LAUSR

Abstract The oxidation of MXenes has aroused considerable interest and attention in recent years, which is closely related to the synthesis process and environmental stability. However, there still remain many issues unclear about the oxidation of MXenes including the exquisite observation of the atomic reactions, and the influences of oxidizing gas and layer numbers. By combining reactive force field (ReaxFF) molecular dynamics simulations and density functional theory (DFT) calculations, the oxidation characteristics and mechanism of MXenes have been investigated. Herein, the oxidation of MXenes preferentially begins with O2 adsorption on the surface Ti layers, inducing the lattice distortion of Ti layers and the fracture of Ti-C bonds.
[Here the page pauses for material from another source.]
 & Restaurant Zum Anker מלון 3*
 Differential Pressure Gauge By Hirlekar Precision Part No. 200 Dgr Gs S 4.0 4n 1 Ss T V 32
Without the constraint from Ti atoms, the free C atoms reassemble to generate carbon chains inside the sheet. Surprisingly, the chains could erupt out of the sheet although some obstruction would appear. As a result of the reformation of Ti-C bonds and the blocking of interstitial O atoms, a few chains would be stuck inside. Besides, the layer number has great effects on the oxidation kinetics. As the layer number increases, the adsorption of O2 becomes easier but the eruption of carbon chains becomes weaker. Our findings would be instructive in enhancing corrosion resistance of MXenes and the preparation of oxidized MXenes.